Sunday, 6 September 2009

More "good news" on housing

It always amazes me how journalists equate house price inflation with good news about the economy. Weren't they paying attention, when half our banking system almost crashed last year? Can they recall the reason why Banks like NRK, RBS and HBOS began to wobble?

From today's Telegraph....

A surge in new buyer inquiries, and rises in mortgage approvals have signalled that conditions have bottomed out.

The most startling trend though has been house prices. Nationwide has reported house price rises in five of the past six months, and is now expecting prices overall in 2009 to rise in the region of 0-5pc.

Rival Halifax has reported fewer rises – two out of the last four months – but is expected by economists to say this week that house prices rose again in August.

So undeniably the picture is looking rosier for the housing market, and house prices are likely to continue to stabilise for the rest of this year and into 2010.

But the prices we have seen over the past six months do not necessarily signal the beginning of a smooth or strong recovery, and risks remain which could threaten to derail recovery in the market where the recession began.

6 comments:

Electro-Kevin said...

One of the reasons for housing speculation is that pensions have been ruined.

How is that good ?

Anonymous said...

Since the UK's financial system became third world, and run by sex-mad cocaine addicts with no scrupples, most Brits with wealth have used houses as trading chips to preserve their wealth. In turn, the banks have used mortgages and inflated wealth valuations to raise cash for overseas investments. It is a brilliant if fraudulant little game.

Anonymous said...

No doubt as soon as I buy and commit to a monster mortgage the whole thing will collapse for real!

Mark Wadsworth said...

Don't worry, The Spring Bounce is nearly over.
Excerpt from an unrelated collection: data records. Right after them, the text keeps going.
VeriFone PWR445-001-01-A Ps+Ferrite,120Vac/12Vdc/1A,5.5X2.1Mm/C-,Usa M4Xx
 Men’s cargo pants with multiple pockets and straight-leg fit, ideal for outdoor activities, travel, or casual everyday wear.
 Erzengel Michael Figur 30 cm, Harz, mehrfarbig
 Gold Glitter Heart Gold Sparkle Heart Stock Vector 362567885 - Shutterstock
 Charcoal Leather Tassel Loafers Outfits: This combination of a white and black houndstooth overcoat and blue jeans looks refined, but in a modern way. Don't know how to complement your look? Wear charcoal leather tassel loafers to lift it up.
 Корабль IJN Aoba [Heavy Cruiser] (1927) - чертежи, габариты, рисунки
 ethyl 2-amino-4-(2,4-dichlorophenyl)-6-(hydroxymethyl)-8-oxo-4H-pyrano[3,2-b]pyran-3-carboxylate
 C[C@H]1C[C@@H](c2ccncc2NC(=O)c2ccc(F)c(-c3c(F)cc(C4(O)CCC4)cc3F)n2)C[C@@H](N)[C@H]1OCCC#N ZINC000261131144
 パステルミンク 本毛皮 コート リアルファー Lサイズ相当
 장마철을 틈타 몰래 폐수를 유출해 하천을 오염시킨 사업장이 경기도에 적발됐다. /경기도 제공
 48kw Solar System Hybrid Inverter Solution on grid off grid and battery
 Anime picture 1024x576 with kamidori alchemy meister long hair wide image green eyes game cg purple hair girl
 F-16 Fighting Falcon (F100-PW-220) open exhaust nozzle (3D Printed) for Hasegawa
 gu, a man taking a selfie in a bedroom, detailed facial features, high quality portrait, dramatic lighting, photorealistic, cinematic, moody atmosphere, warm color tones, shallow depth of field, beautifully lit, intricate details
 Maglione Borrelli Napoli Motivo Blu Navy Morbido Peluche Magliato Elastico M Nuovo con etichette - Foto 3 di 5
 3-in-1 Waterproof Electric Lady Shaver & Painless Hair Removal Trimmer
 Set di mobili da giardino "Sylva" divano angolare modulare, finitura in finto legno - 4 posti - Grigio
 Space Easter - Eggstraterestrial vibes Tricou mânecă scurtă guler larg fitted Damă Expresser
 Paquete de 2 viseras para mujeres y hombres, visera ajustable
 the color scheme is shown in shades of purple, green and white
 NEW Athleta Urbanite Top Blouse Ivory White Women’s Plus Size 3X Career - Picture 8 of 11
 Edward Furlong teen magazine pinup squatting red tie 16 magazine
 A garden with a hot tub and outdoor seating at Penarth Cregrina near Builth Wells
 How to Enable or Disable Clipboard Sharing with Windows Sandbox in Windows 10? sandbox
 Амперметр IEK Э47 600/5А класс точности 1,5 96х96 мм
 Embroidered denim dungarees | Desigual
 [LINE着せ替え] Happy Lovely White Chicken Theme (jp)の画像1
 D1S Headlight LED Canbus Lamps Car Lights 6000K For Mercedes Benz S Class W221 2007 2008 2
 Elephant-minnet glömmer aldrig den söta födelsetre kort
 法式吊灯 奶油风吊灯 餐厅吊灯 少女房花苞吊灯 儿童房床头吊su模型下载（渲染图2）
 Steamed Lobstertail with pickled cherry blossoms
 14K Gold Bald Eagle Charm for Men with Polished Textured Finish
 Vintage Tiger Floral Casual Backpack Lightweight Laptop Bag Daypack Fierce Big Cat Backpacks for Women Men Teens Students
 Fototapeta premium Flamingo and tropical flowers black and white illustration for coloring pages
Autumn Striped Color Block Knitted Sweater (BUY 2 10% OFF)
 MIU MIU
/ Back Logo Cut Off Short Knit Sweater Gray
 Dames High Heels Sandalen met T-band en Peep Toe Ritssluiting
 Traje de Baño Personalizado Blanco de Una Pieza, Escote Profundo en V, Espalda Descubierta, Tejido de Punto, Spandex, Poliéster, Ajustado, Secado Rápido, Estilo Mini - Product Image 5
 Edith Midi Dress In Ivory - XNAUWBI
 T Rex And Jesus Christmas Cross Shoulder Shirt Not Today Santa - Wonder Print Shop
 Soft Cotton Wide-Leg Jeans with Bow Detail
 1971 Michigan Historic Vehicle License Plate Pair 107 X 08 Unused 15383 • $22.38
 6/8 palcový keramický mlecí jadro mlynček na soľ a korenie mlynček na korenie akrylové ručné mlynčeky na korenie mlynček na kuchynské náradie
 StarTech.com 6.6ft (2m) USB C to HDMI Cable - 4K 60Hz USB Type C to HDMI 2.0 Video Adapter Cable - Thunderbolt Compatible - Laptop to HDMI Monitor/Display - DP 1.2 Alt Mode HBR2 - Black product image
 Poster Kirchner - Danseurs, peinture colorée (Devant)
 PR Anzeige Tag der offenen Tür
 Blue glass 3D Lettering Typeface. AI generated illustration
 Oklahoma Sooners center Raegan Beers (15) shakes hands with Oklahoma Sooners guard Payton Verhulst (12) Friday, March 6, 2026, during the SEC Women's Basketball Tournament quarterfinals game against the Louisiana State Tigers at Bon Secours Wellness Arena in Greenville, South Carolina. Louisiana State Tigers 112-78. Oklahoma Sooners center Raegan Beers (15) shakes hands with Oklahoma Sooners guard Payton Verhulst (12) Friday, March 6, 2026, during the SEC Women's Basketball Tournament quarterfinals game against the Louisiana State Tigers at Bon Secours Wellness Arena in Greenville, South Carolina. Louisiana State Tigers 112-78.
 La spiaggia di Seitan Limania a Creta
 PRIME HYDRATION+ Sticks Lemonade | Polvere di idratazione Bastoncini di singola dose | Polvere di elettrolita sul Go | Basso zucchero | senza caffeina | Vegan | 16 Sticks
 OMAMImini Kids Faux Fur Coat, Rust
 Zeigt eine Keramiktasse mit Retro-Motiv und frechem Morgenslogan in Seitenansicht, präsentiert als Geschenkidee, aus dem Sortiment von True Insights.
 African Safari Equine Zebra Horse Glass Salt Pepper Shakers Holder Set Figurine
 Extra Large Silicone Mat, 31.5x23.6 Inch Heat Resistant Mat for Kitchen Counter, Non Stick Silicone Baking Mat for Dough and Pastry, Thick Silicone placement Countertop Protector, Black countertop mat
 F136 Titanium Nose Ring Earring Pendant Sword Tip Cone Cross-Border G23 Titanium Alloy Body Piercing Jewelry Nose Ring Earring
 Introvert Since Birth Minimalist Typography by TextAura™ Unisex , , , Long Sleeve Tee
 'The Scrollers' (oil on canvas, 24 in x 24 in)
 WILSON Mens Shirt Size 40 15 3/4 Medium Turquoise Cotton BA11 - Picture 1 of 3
@ EK, when you say "pensions" do you mean the patchy state pension/Pensions Credit (which ought to be replaced with a flat rate taxpayer-funded Citizen's Pension) or private pensions (which are a massive scam perpetrated by, and for the benefit of, the pensions 'industry')?

The difference is partly down to taxation etc. If we taxed businesses less and housing wealth more, we wouldn't have this problem.

Anonymous said...

Yeeha!! Agreeing with MW again. Twice inside a fortnight.

DBC Reed said...

Actually the higher class of financial journalist tends to support Land Value Tax which would stop cheap credit going into housing: Martin Wolf & Sam Brittan of FT; Ashley Seager& Larry Elliott of Guardian whose Polly Toynbee is not averse, though not a financial journalist.Edmund Conway has had a nibble at LVT in the Telegraph.
Perhaps the fault lies with the teaching of Economics and all that mathematical modelling which led to the Black Scholes formula winning its inventors a Nobel prize though it did n't work and caused the Long Term Capital Management market seize-up.
Students of the subject long ago rebelled against it being taken over by mathematicians and formed the stunningly un-PC titled Post Autistic Economic Movement,now unsurprisingly renamed.
You would think highly paid journalists on the Express and Mail would pause for one moment in their endless Big Lie propaganda:wage inflation bad;house price inflation good!But the house prices uber alles orthodoxy is amazingly strong and unquestioned.